Please remember that I never agree with all of an author's ideas. That should be obvious but apparently isn't. When a problem is worth thinking about, it is inevitable that bad ideas will emerge. But we'll never get to the good ideas (or even recognize the bad ones) without casting a wide net. My goal is to stimulate thinking by presenting information I find interesting and/or helpful.

A smattering of semi-random quotes. Emphasis mine.

This raises the question of how we can spend so much on our national security but still have a military that seems so woefully underprepared for a major conflict.

[PGM=“precision guided munitions”] A key lesson of the Ukraine War is that when we deploy certain types of PGMs, such as anti-tank missiles or man-portable air-defense systems like Stinger missiles, it takes years to manufacture new ones. We have also learned that the tooling needed to produce various types of PGMs no longer exists—indeed, in some cases entire factories have been dismantled. This means that if we want more PGMs, we will have to start from scratch.

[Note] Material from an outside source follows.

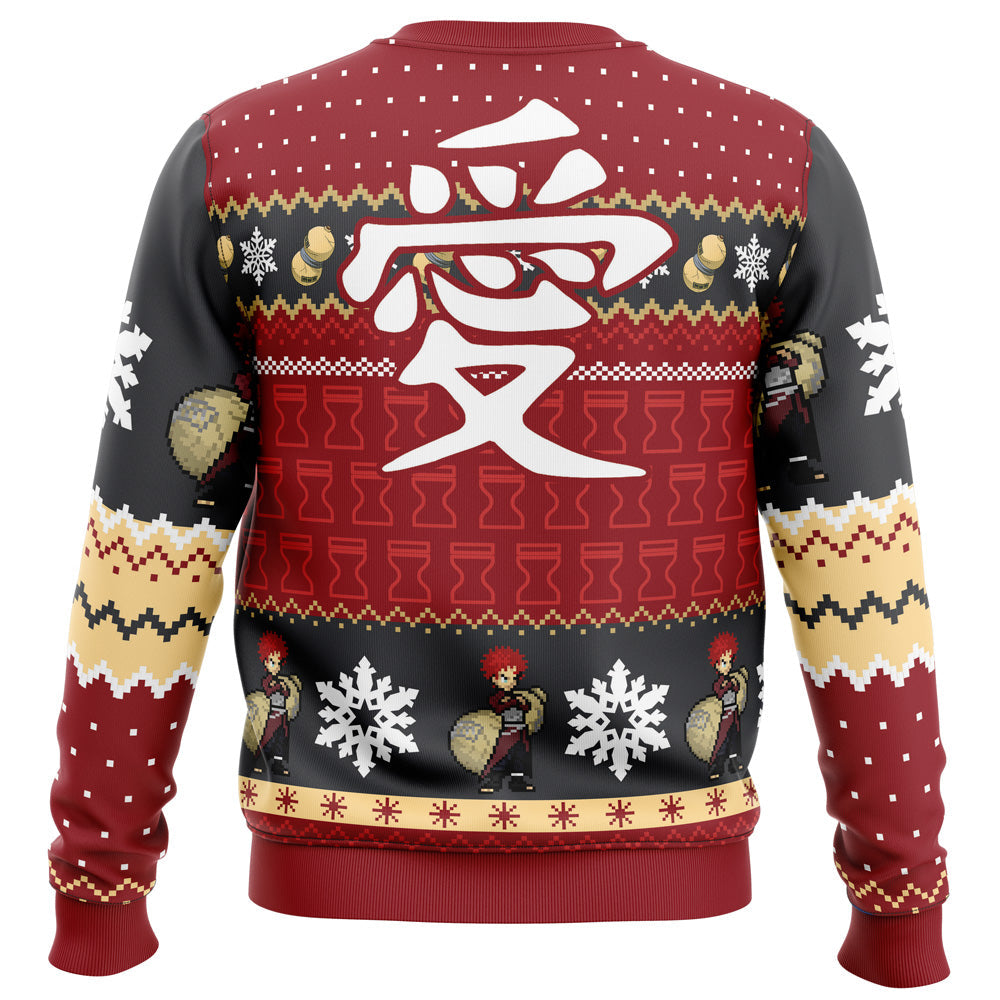 Morukai "Christmas Gaara Naruto Ugly Sweater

One of the key vulnerabilities of our defense and high-tech infrastructure is that the technology on which it relies is routinely stolen by foreign countries, especially China.... Despite various efforts to hinder or put a stop to this, cyber theft has become a huge business and is tremendously damaging to America’s national security. Until very recently, we have done virtually nothing about this cyber espionage. The thieves are almost never punished. All we do is complain while our enemies bleed us dry.

An important thing we learned very early on in the Ukraine War was that the incredibly expensive tanks we gave to the Ukrainians were defenseless against very inexpensive FPV drones. [In Yemen,] when the Iranian-backed Houthis started firing drones at ships in the Red Sea, what was the U.S. response? For each $30,000 Iranian drone we shot down, we employed two $2 million missiles.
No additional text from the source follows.